Избранное (Дан) - страница 26

Лудовика спала в той же комнате за дверью. Как только Валериу зажег лампу, она проснулась и больше не засыпала. Снова пробудилось подозрение, не давая ей покоя, опять обуял ее страх, что покушаются молодые на их наследство. Увидев, как Валериу взял в руки дубинку, утыканную медными гвоздями, да закинул за плечи торбу, украшенную лисьим хвостом, она уже не сомневалась, что снарядился он в дальнюю дорогу, и, не выдержав, спросила:

— Ты куда же это, сынок, навострился спозарань?

Валериу и не взглянул на мать и ответил не сразу.

— Туда, где раки скачут и рыбки поют. Спи! Ишь спросонья тебя в разговор потянуло. На ярмарку, в Мойнешть, не видишь, что ли? Чего-нибудь куплю на деньги из приданого, нечего им без толку в сундуке лежать да плесенью покрываться!

Потом, как-то странно повернувшись бочком, как бы ни к кому не обращаясь, спросил:

— А не забыл ли я чего?

Ана проводила его до порога и крикнула вслед:

— А мне, муженек, купи теленка, чтоб у него глаза возле ушей начинались, мне такие страсть как нравятся! — и так задористо рассмеялась, что потом долго не могла успокоиться, все нет-нет да расхохочется.

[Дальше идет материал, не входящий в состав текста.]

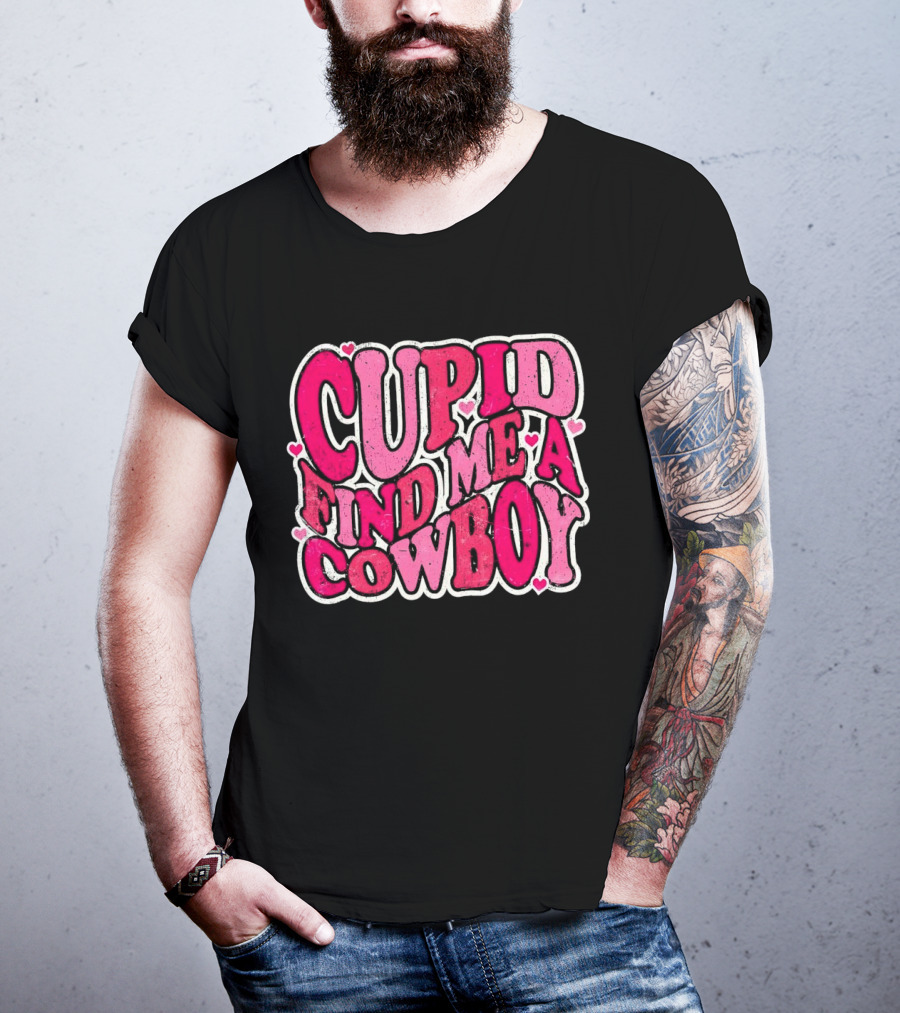 CUPID FIND ME A COWBOY Pink Heart Accents T-Shirt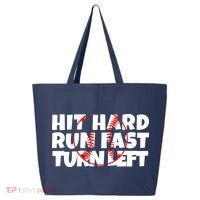 Hit Hard Run Fast Turn Left Funny Baseball 25L Jumbo Tote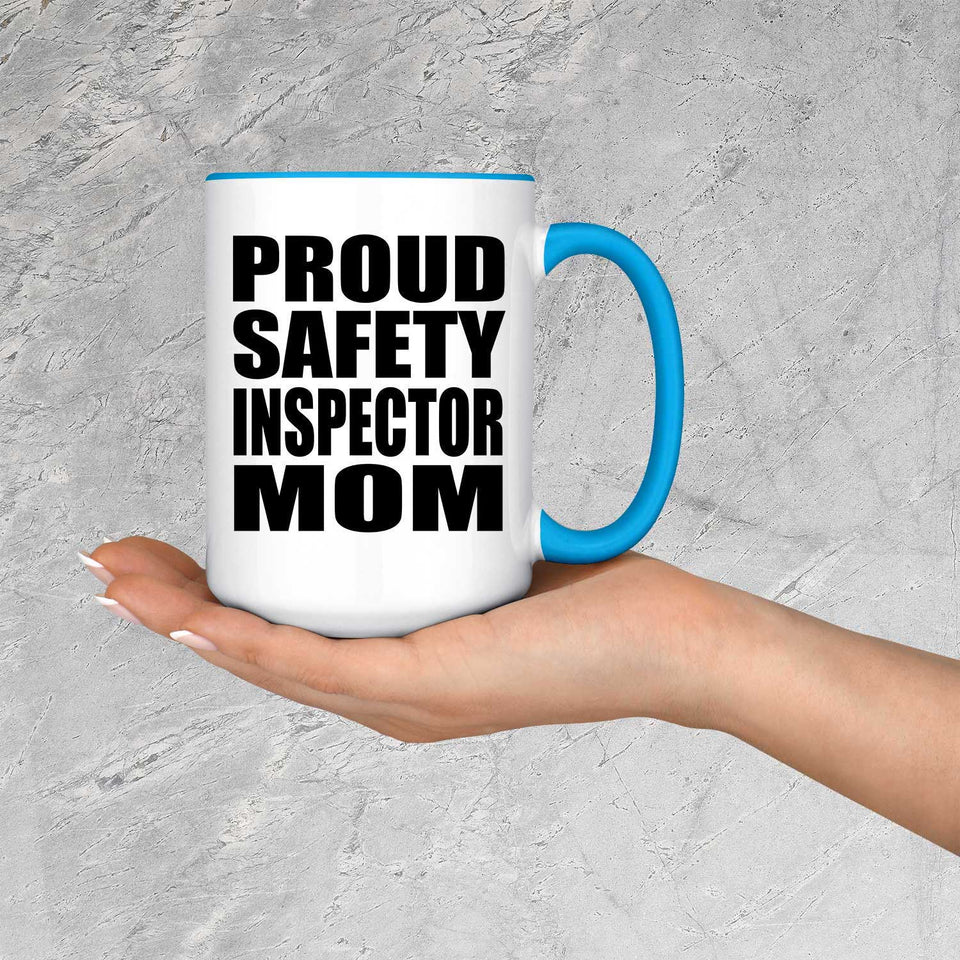 Proud Safety Inspector Mom - 15oz Accent Mug Blue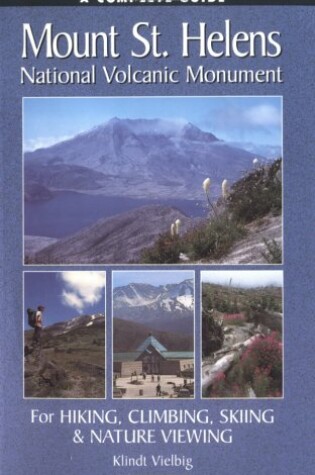 Cover of A Complete Guide to Mount St. Helen's National Volcanic Monument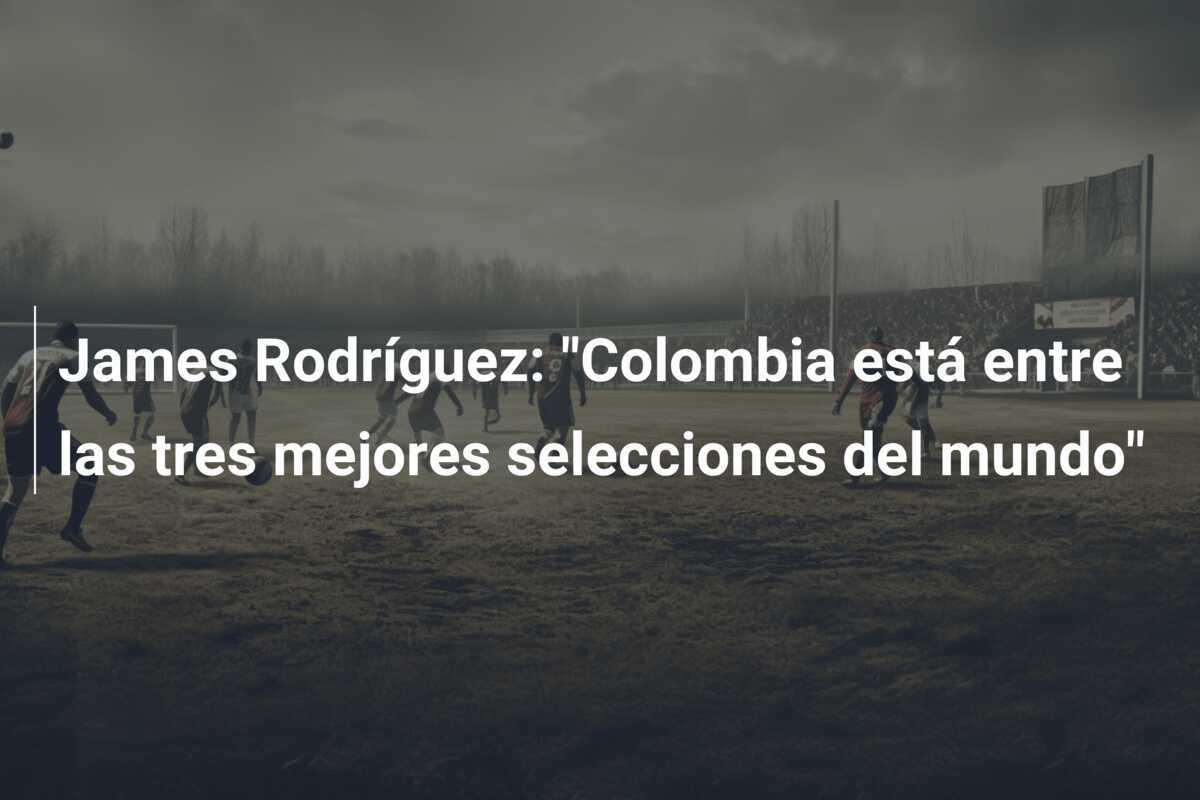 James Rodríguez: "Colombia está entre las tres mejores selecciones del mundo"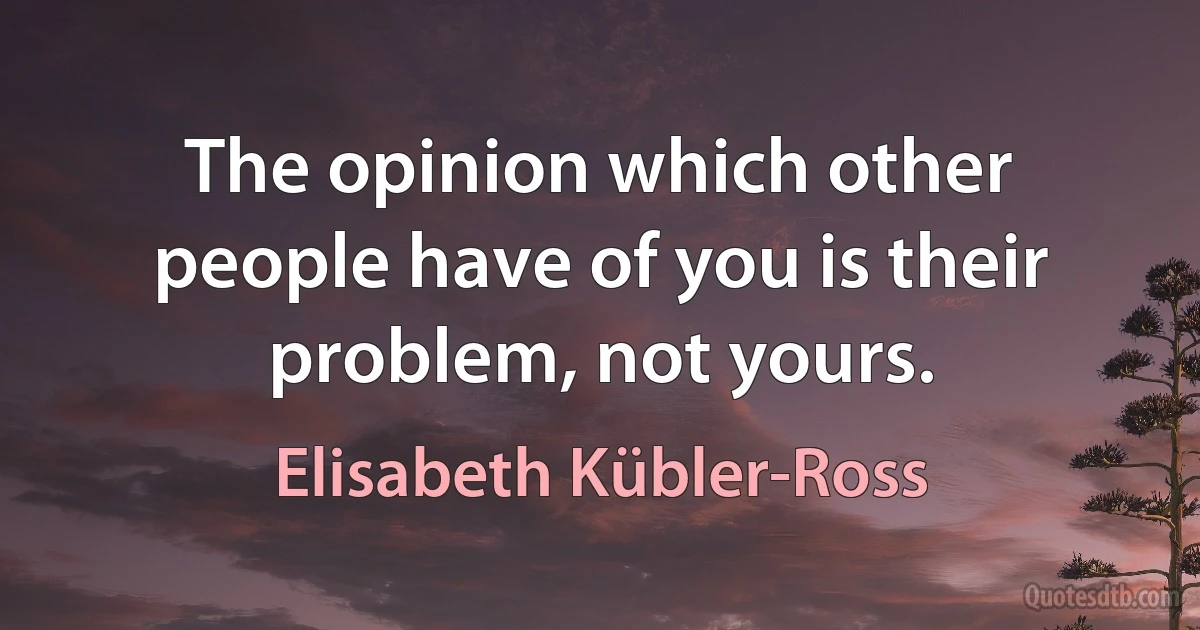 The opinion which other people have of you is their problem, not yours. (Elisabeth Kübler-Ross)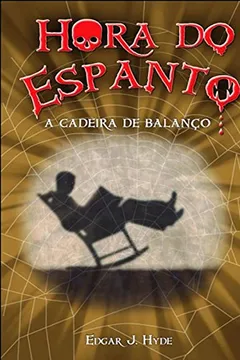 Livro A Cadeira de Balanço. Hora do Espanto - Resumo, Resenha, PDF, etc.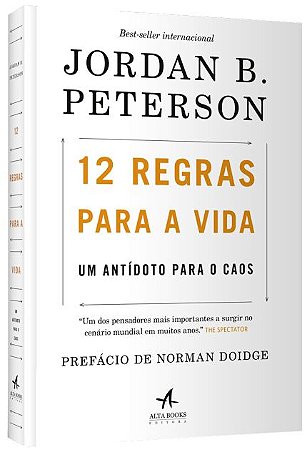 12 REGRAS PARA A VIDA - Um antídoto para o caos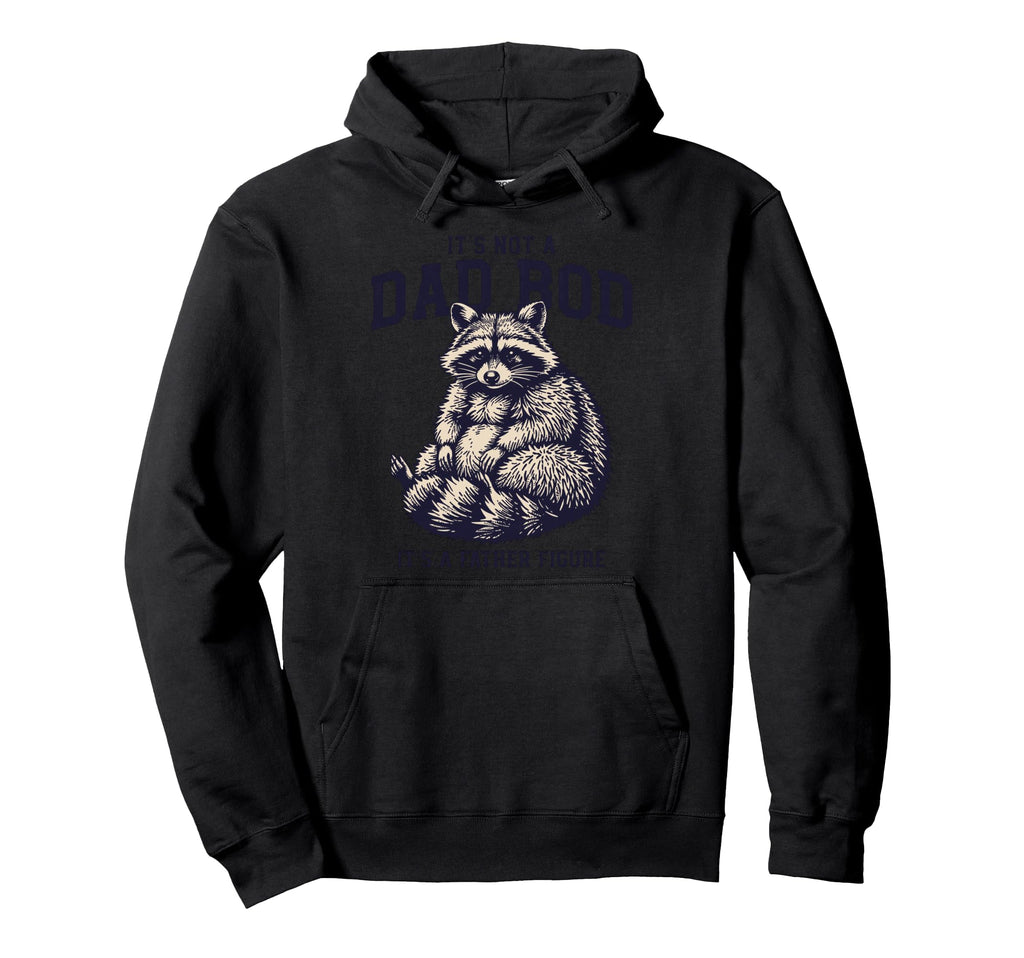Its Not Dad Bod Its Father Figure Hoodie - Streetwear Style for Adults - T-Shirt, Sweatshirt, Hoodie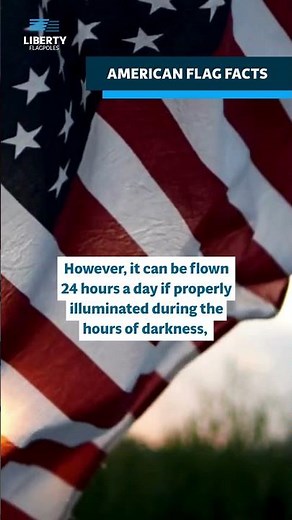 🇺🇸 Flag Facts 🇺🇸 Keep Your Flag Illuminated At Night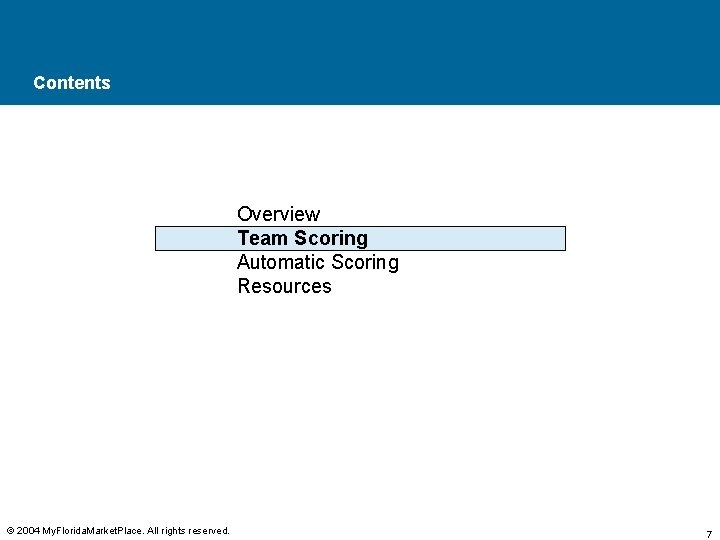Contents Overview Team Scoring Automatic Scoring Resources © 2004 My. Florida. Market. Place. All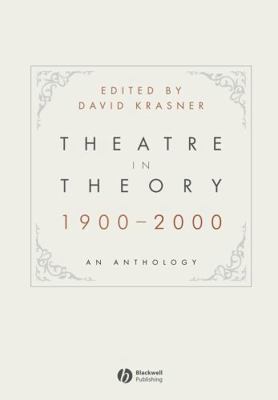 Theatre in Theory 1900-2000 1405140445 Book Cover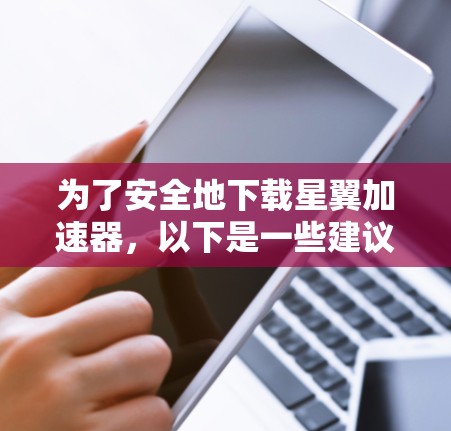 为了安全地下载星翼加速器，以下是一些建议和步骤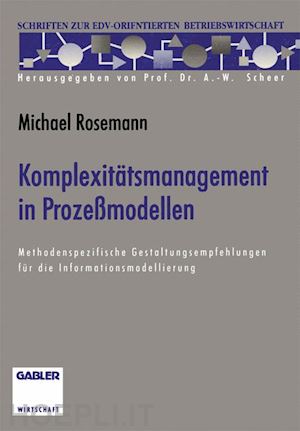 rosemann michael - komplexitätsmanagement in prozeßmodellen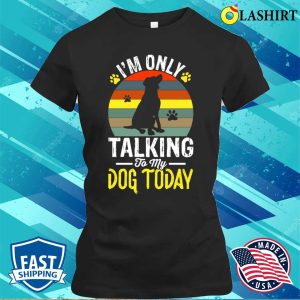 Im Only Taking To My Dog Today T shirt 2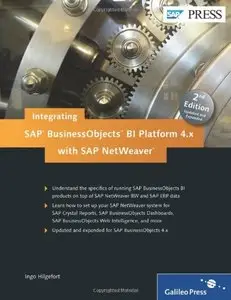 Integrating SAP BusinessObjects 4.x BI Platform with SAP NetWeaver, 2nd Edition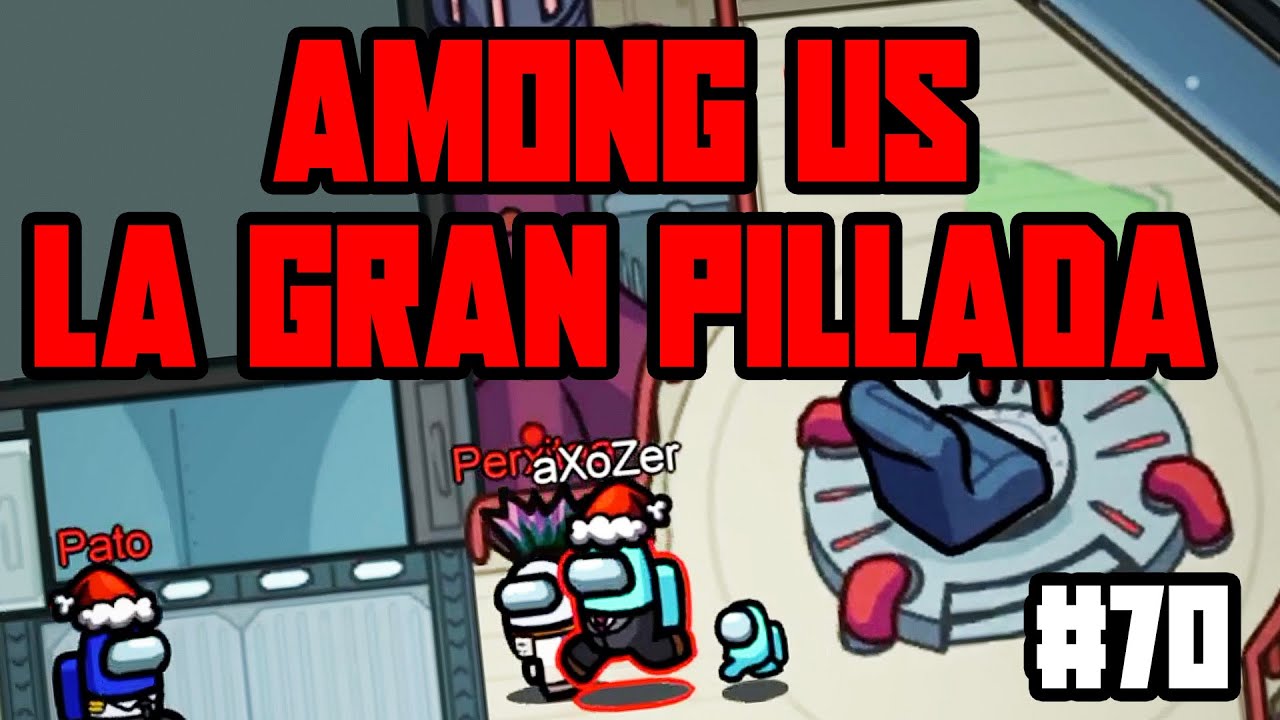 La MEJOR PILLADA en AMONG US #70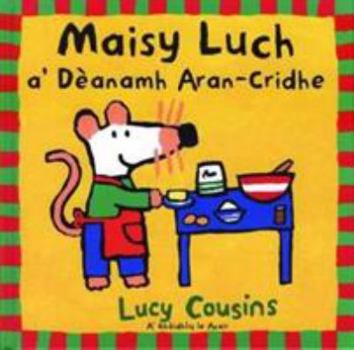 Hardcover Maisy Luch: A' Deanamh Aran-Cridhe (Scots Gaelic Edition) Book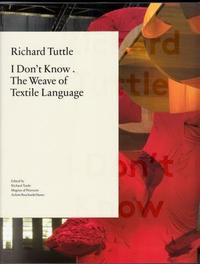Richard Tuttle The Weave of Textile language /anglais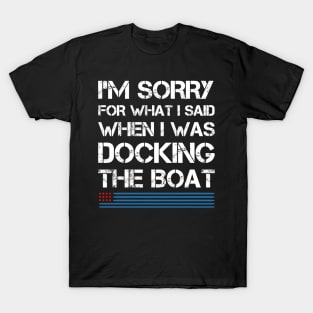 I'm Sorry For What I Said When I Was Docking The Boat USA T-Shirt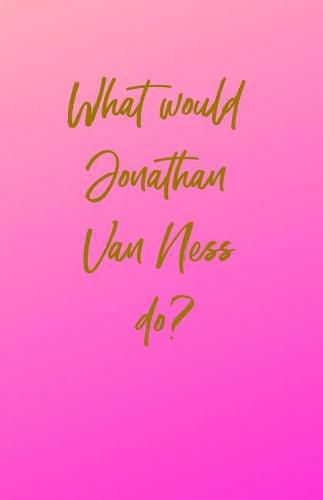 What Would Jonathan Van Ness Do?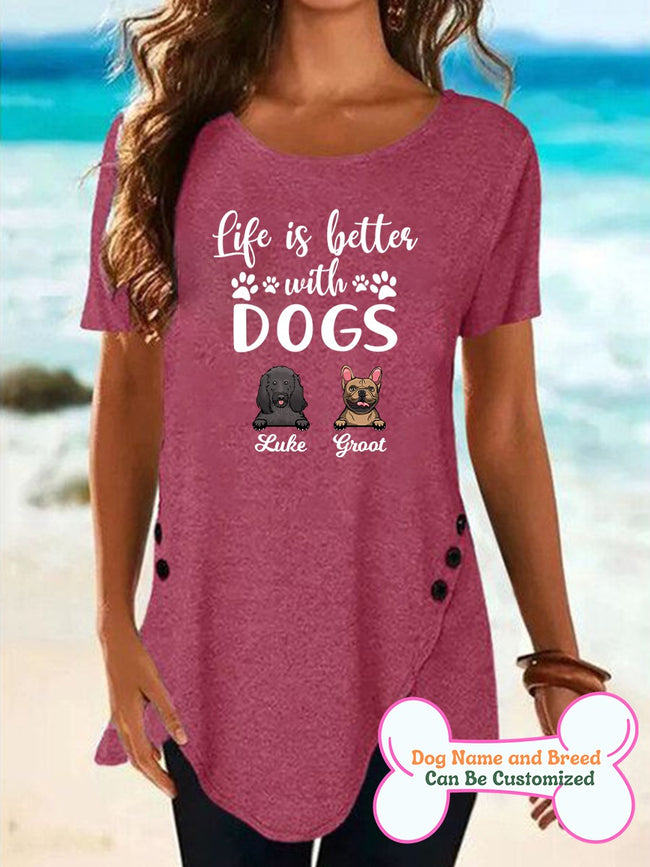 Women's Life Is Better With Dogs Personalized Custom T-shirt For Dog Lover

Этот смех посреди ночи больше всего не поправился Лудовике. Сон у нее напрочь отшибло.

— Пойду разбужу Симиона, пускай соломы для скотины натаскает, — сказала она громко, чтобы Ана слышала.

На самом деле ей не терпелось поделиться с мужем своими опасениями.

Симион дрых без задних ног, развалившись на ткацком станке, в сарае.

— Спишь? — спросила Лудовика.

Муж приоткрыл один глаз, глянул в полумраке на жену и, не отвечая, повернулся на другой бок. Лудовика села на подножку станка и начала:

— Слышь, Симион, неспокойно у меня на душе. Валериу наш с утра куда-то подался. Вырядился, будто на праздник, и ушел. Говорит, в город, и чего ему в городе надо, а? А вечор батя в город ушел. Как бы они злое чего не замыслили вдвоем, а? Ведь в одну сторону пошли, слышь, Симион! Ни разу клочка шерсти не покупали без твоего совета, а тут на тебе, ни слова не сказавши, оба-двое ушли в город. Чую я, беда на нас идет. А ну как облапошат старика, ежели уже допрежь того не сделали. Отвезут в Турду, перепишут землю на себя. Дай бог мне ошибиться, да боюсь, правда это, чует мое сердце, попомни мое слово. Осрамят нас на все село, нищими по миру пустят.

Сон у Симиона как рукой сняло. Он тут же вскочил, заразившись Лудовикиным страхом. Но длилось это всего один миг. Тут же успокоившись, он отмахнулся от жены, как от назойливой мухи, снова улегся и усмехнулся в темноту:

— Тьфу на тебя! Черт, а не баба! Ишь чего напридумала! И что вы бабы за народ окаянный, в одном доме вертитесь, за один ухват держитесь, а ужиться никак не можете.